My suspicion isn't over Hanson's priorities; I think he's sincere on that account. If his efficiency model posited the utility of future people as a a supply condition for far-future-oriented existential perseverance, his argument would be in line with my understanding of the OB project and I wouldn't blink. What I don't think Hanson actually believes is that tangible harm ("naked aggression" or what have you) actually befalls those who are "prevented" entry into the pearly gates of corporeality. If this much isn't empty rhetoric - as I believe it clearly is - then he should propose some rational basis for his belief. Mormons have a doctrine to support their view of a huddled beforelife, but their view is rooted in mysticism. I have no idea how Hanson obtains his view, and everything I know about the man's otherwise impeccable commitment to clear-eyed thinking leads me to suspect that it must be a crass shuck & jive.
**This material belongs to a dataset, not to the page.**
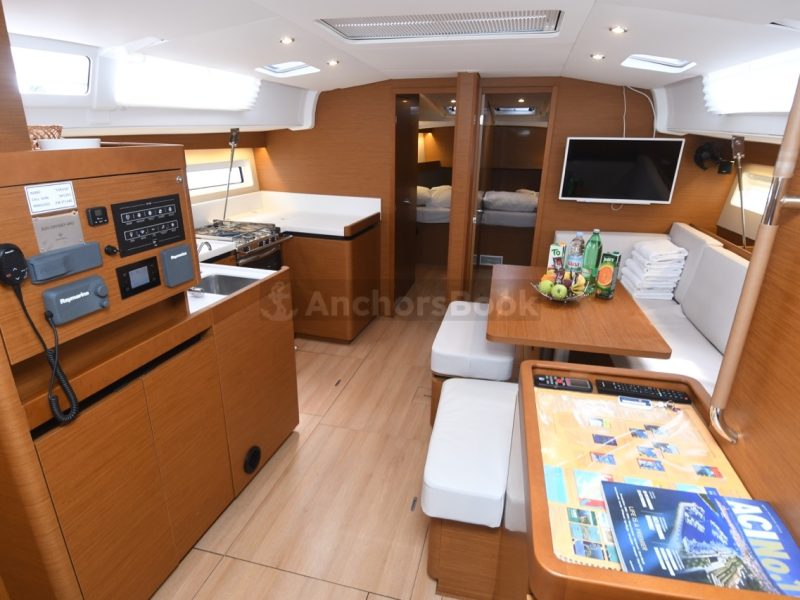 Sun Odyssey 490 - 5 cab. - Caruso - 2019 | AnchorsBook Photo Sun Odyssey 490 - 5 cab. - Caruso - 2019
Not that you were implying as much, but I may as well stress that I don't think there is an inherent philosophical contradiction between the goals of radical life extension (for those already living) and those of philanthropic antinatalism. In fact, I think both views are united by a distinctive and serious approach to questions of life and death. Economics is a different matter where real problems (for example, of resource scarcity over the long haul), but this goes to priorities as well.

Having read only halfway down but being tired, I'd like to suggest that the propensity of humans to regret the non-birth of potential humans may -- assuming that most people's visions of others, particularly those they love or hate, are emotionally colored and relate to feelings about oneself -- are more closely related to the living person's regrets over things not done or experienced than to the ostensible subject: 'people' who have not been born. It's less uncomfortable tobe sad about a never-started life than about strangled possible own-selves.

Hanson is certainly a swine. On the other hand, how's the campaign for becoming the King of Late-Eighties Industrial Zine Culture going, Chip? I don't think anti-natalism and Holocaust revisionism are quite doing the job - I think you're going to have to take up heroin and cutting yourself.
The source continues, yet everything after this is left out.